Train your eyes to be alert to repositories that contain many datasets that have the same structure, then design ways to act on all those datasets at once. Data systems in education generate standardized data tables all the time. It’s one of the side effects of automation. Software developers design data systems to automatically generate many datasets for many people. The result is many datasets that contain different data, but all have the same number of columns and the same column names. This uniformity creates the perfect condition for R scripts to automatically act on these datasets in a way that is predictable and repeatable. Imagine a student information system that exports a list of students, their teacher, their grade level, and the number of school days attended to date. School administrators that have a weekly routine of exporting this data and storing it in a folder on their laptop will generate many uniformly structured datasets. When you train your eyes to see this as an opportunity to act on a lot of data at once, you will find an abundance of chances to transform data on a large scale so school staff can freely explore and ask questions aimed at improving the student experience.

15.3.3 Cleaning data

Folks who work in education want to look at data about their students with tools like Excel, but the data is frequently not ready for analysis. You can empower these folks to explore data and ask more questions by being alert to opportunities to prepare lots of data for analysis. Offer to clean a dataset! Then do it again and do it fast. When you get into this habit, you not only train your data cleaning skills but also train your education client’s expectations for how quickly you can prepare data for them.

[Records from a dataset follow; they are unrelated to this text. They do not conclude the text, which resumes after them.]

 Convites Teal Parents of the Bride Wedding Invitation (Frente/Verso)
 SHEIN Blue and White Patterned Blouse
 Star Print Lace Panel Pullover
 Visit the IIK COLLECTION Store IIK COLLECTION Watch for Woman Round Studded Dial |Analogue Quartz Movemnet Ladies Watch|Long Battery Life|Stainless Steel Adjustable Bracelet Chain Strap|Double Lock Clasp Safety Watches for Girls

15.4 Solving problems together

Steven Spielberg said,

When I was a kid, there was no collaboration; it’s you with a camera bossing your friend around. But as an adult, filmmaking is all about appreciating the talents of the people you surround yourself with and knowing you could never have made any of these films by yourself

— (Murphy, 2011)

Data science techniques are a powerful addition to an educational organization’s problem-solving capacity. But when you’re the only person who codes or fits statistical models, it’s easy to forget that the best solutions magically arrive when many perspectives come crashing together. Here are some things to think about as you challenge yourself to introduce data science to your education work in a lasting and meaningful way.

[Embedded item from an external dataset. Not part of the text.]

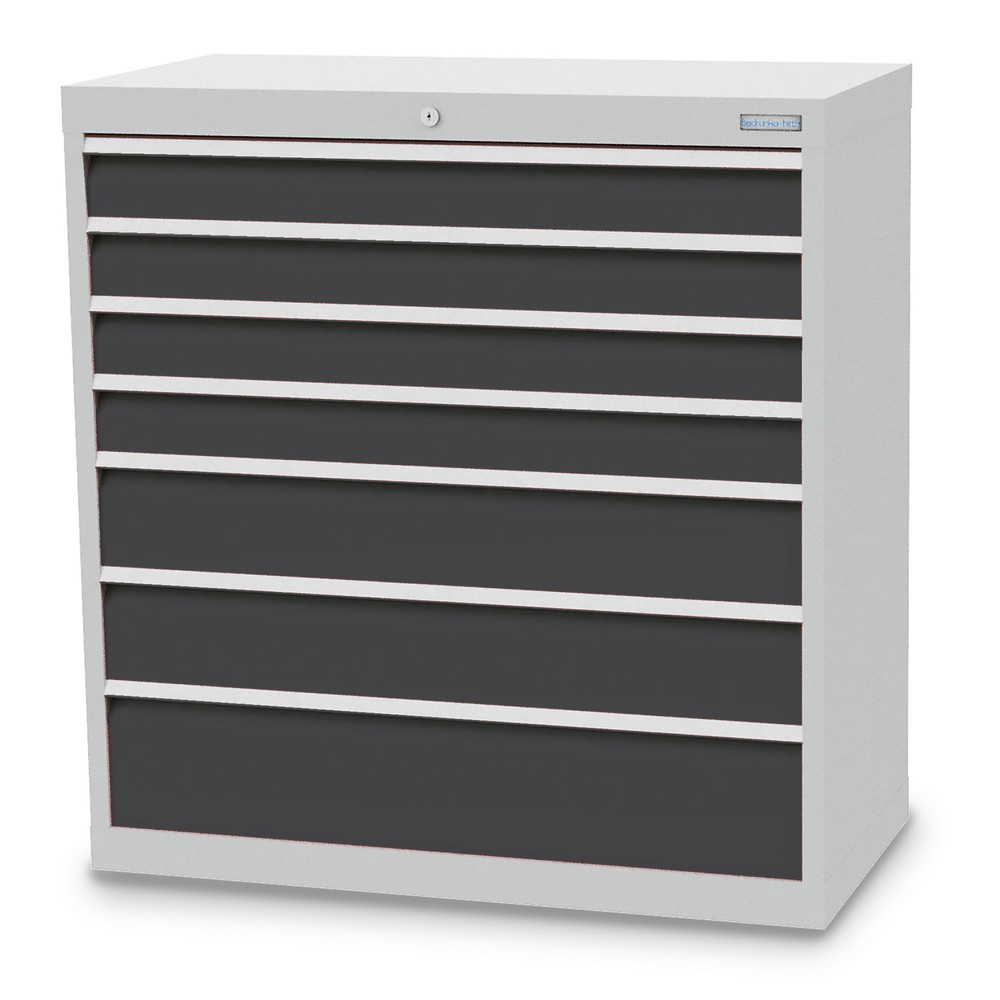 Illustration du produit: Armoire à tiroirs Profi, tiroirs de 4 x 100 + 2 x 150 + 1 x 200 mm, H x l x P 1 019 x 980 x 500 mm Bedrunka+Hirth, gris clair, gris anthracite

15.4.1 Data science in education and empathy

One definition of empathy is seeing things as others do, which points to a barrier to our mission of discovering ways to use our data science skills to improve the experience of learners—it is all too easy to assume that our coworkers will be inspired by possibilities of data science as you are. In 1990, Elizabeth Newton, then a Stanford University graduate, asked research subjects to “tap” out well-known songs with their fingers and estimate how many people would recognize the songs (Newton, 1991, Heath and Heath 2006). She found that they overestimated every time! When we know a subject well, we tend to forget the experience of not knowing that subject. So how do we make use of this knowledge?

First, listen carefully to your coworkers as they work with data. As you listen, aim to understand the thinking process they use when making sense of reports, tables, and graphs. This will help you understand the problems and solutions they gravitate towards.

Second, ask them if you can “borrow the problem” for a bit. “Borrowing a problem” is not solving it for them, it’s using a little data science magic to get them unstuck so they can continue solving the problem the way they want to. If they’re struggling to make a scatter plot from their pivot table data, offer to help by cleaning and summarizing the dataset before they try again.

Third, if your first attempt at borrowing the problem didn’t help, make an effort to learn more. Doing data science together is a conversation, so ask them how it went after you cleaned the dataset. Then listen, understand, and try again. After many rounds of this process, you may find your coworkers willing to try new methods for advancing their goals.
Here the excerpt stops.